If you’re concerned about the privacy of your mobile communications, there’s a variety of tools you can use to protect yourself.
Today I’m taking a closer look at Threema, a mobile messaging app that comes with end-to-end encryption and supports iOS and Android, with a Windows Phone edition in the works.
How secure is Threema?
The company behind the software can’t decrypt any messages since they don’t have the private keys. All encrypted messages (including media) are deleted from the servers as soon as they are delivered.
While being transmitted to the server and to the recipient, the header information of the messages is protected by an additional encryption layer to prevent eavesdropping.
All Threema servers are located in Switzerland, and you can use it anonymously, without providing a phone number or email address.
As one would expect from a piece of software targeting a wide audience, installation and setup don’t require much effort. You can get the iOS version from the App Store and once installed, the setup process requires several steps.
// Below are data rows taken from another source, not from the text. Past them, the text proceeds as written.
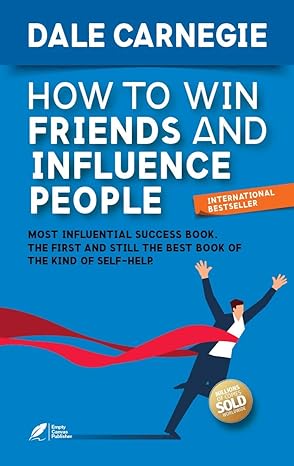 How to win friends and influence People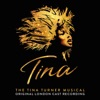 Tina: The Tina Turner Musical (Original London Cast Recording)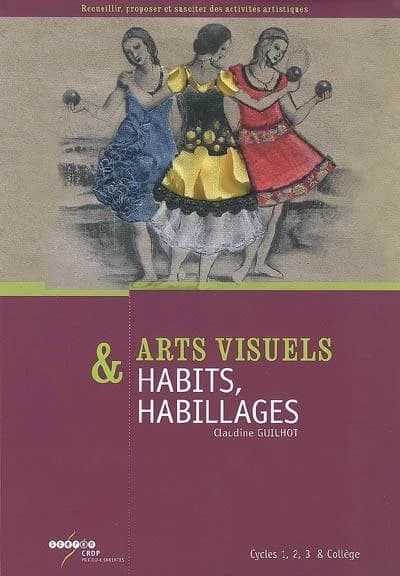 Habits, habillages : cycles 1, 2, 3 & collège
You start off by moving your finger in a field on the screen in order to generate a new key pair:
Once your key pair is ready, you can start sending messages to other Threema users.
The app enables you to send text, images and audio recordings. I’ve exchanged messages with a few people and I experienced no issues at all – messages were going through almost instantly. There are several icons attached to the messages that depict the status of the message, so you can see if your message has been delivered and read by the recipient.
You are also able to chat with a few contacts at once using the group chat function.
Threema doesn’t requite you to enter any personal information, and it comes with lots of options. You can even setup a passcode lock for additional security, which is ideal for all those that have to occasionally share their mobile device with other people, but don’t want them to be able to access their messages.
Threema has a clear interface, it’s easy to use, and its security features will certainly appeal to an increasingly privacy-aware public.